DATA SECTION:
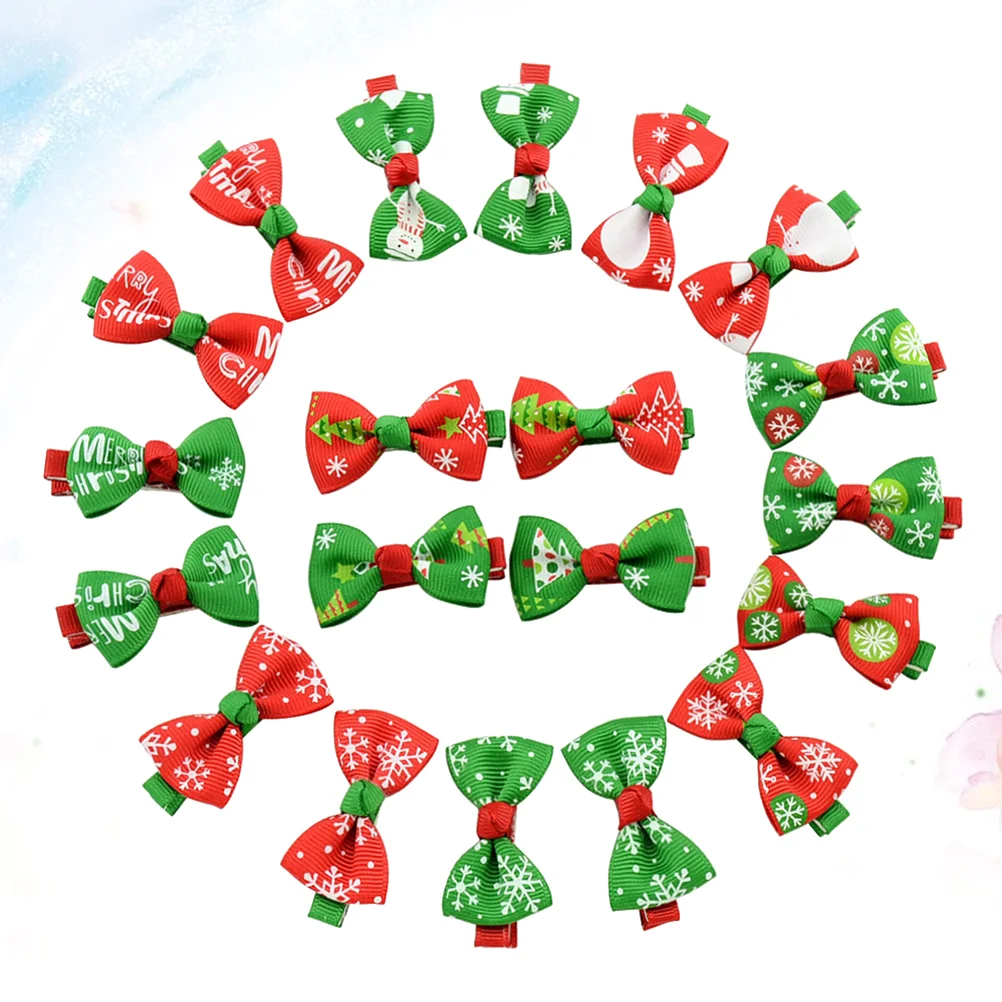 Рисунок 4 - 20 шт красочные рождественские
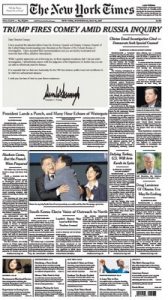 The New York Times – May 10, 2017 [PDF]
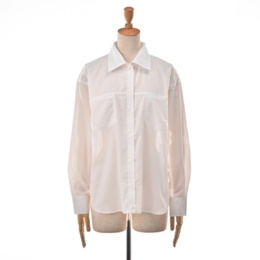 Provador フロントインが簡単にできる2Wayブラウス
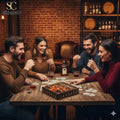 Crown Royal Whiskey Edition Monopoly Game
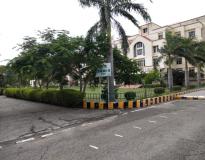 ITS Engineering College Campus View(1)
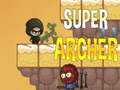 Gioco Super arciere  in linea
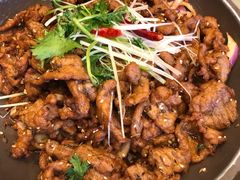 -新洪记·丽久饭店(铁西店)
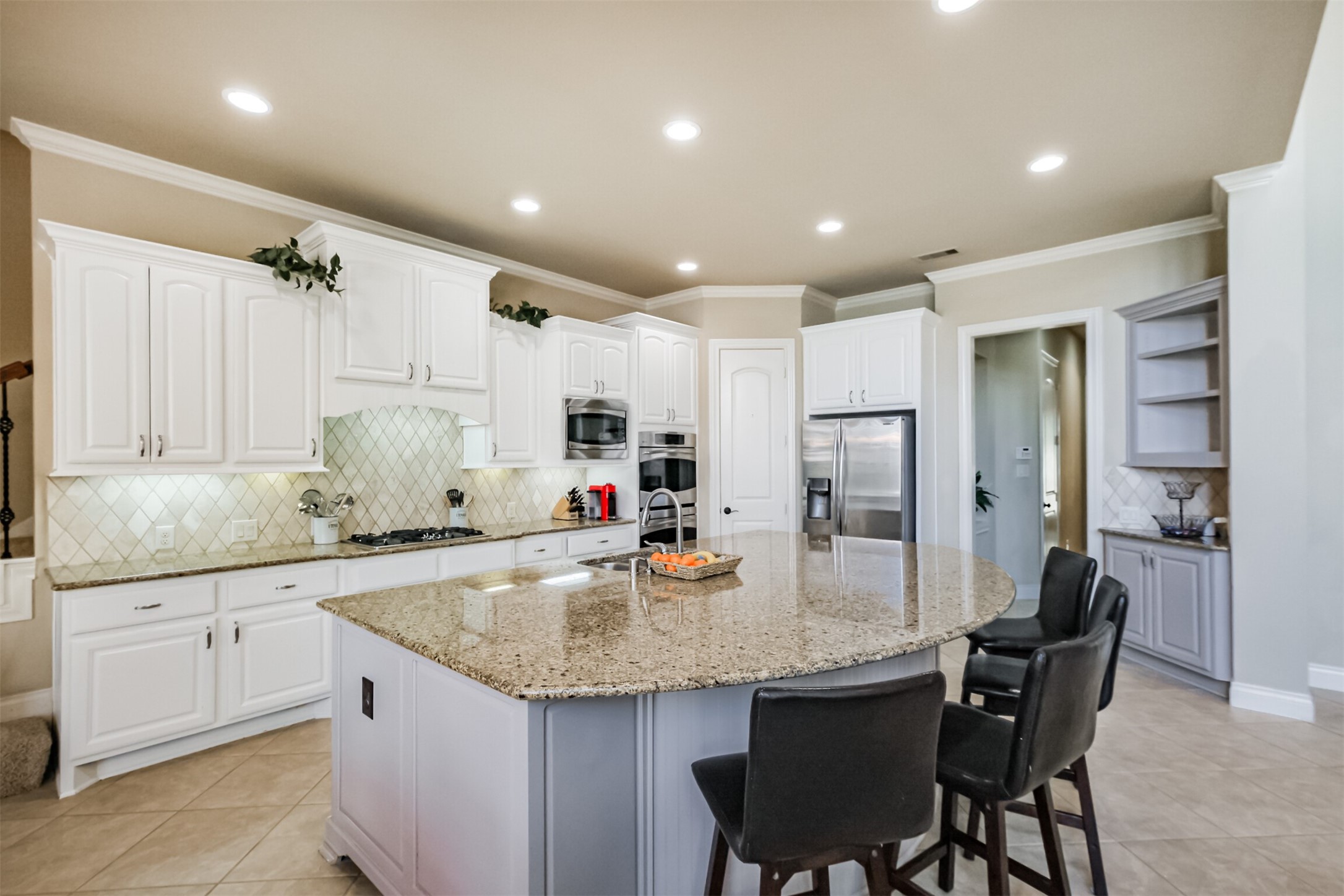 2402 Chesley Park Court Property Photo 19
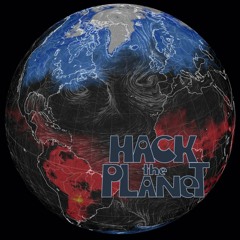 Hack The Planet 456 on 9-2-23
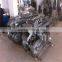 stainless steel herb cutting machine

TASK STATEMENT: Please retype exactly the lines from the one containing "Crown Royal Whiskey Edition Monopoly Game" through the last line of the records, both included, leaving out every picture.

RESPONSE:
 Crown Royal Whiskey Edition Monopoly Game
 ITS Engineering College Campus View(1)
 Gioco Super arciere  in linea
 -新洪记·丽久饭店(铁西店)
 2402 Chesley Park Court Property Photo 19
 Hack The Planet 456 on 9-2-23
 stainless steel herb cutting machine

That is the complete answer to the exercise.